Paul tells us in I Corinthians 2: 15 that he who is spiritual appraises all things, yet he himself is appraised by no man. The spiritual man or woman who is allowing the Holy Spirit, instead of the world or the flesh, to dominate his/her thinking, is given ability to discern, determine, judge, or understand. But his/her non-Christian or fleshly Christian friends won’t understand him/her. Hebrew 5: 14 says the mature, because of practice, have their senses trained to discern good and evil. We walk by faith in the light of God’s counsel, practicing what we are learning even though it may go against the way we’ve been trained and our discernment will grow.

A woman came to see me several years ago with a tragic story of how not listening to the radar God had given her had ended in rape. A neighbor came to her apartment door late one night and wanted to come in. Her warning lights went off and she told him, “No!” He persisted saying that he was down and needed someone to talk with and she was the nicest person he knew. She had a debate in her mind. “This man has been drinking, it is late, I don’t feel good about this – but on the other hand this may be my opportunity to win him to Christ. How can I call myself a Christian and turn him away?” So she let him in.
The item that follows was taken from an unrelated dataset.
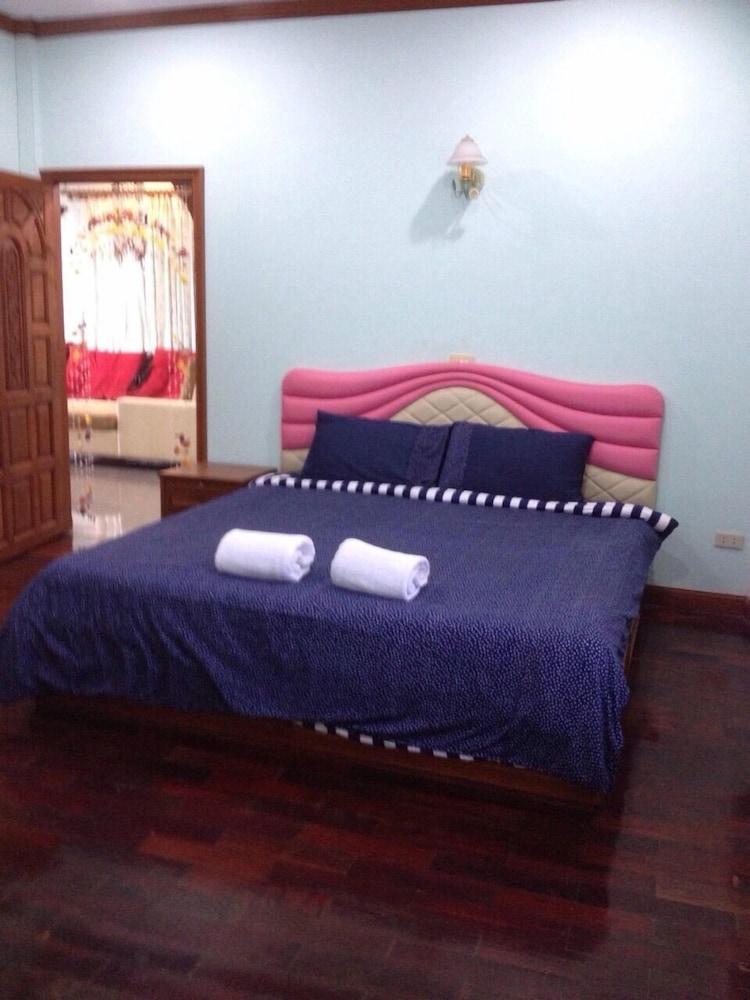 Baan Rim Lay Lipa Noi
As we talked about this, she said she felt like she shouldn’t let him in, but the accusations that she wouldn’t be a good Christian forced her to open the door. Our enemy is crafty. He uses Christian sounding jargon and even uses Christians to send us these pious sounding half-truths to snare us. Let’s return to Matt. 7 – ask, seek, and knock. We must seek God for His wisdom. Are our apprehensions on proceeding with involvement with this person founded or based on some irrational fear or bad experience from our past? Through practice and a commitment to trust in the Lord and not lean on our own understanding, we will grow to discern His voice from all the rest.

Seeking wisdom,
Debbie

Praise: For a new birth.

Prayer: For this new Christian to become rooted and grounded in Christ.

Praise: For matching funds received.

Prayer: For matching funds campaign, which continues through February and needed monthly support.

Prayer: For protection over our physical, emotional and spiritual health.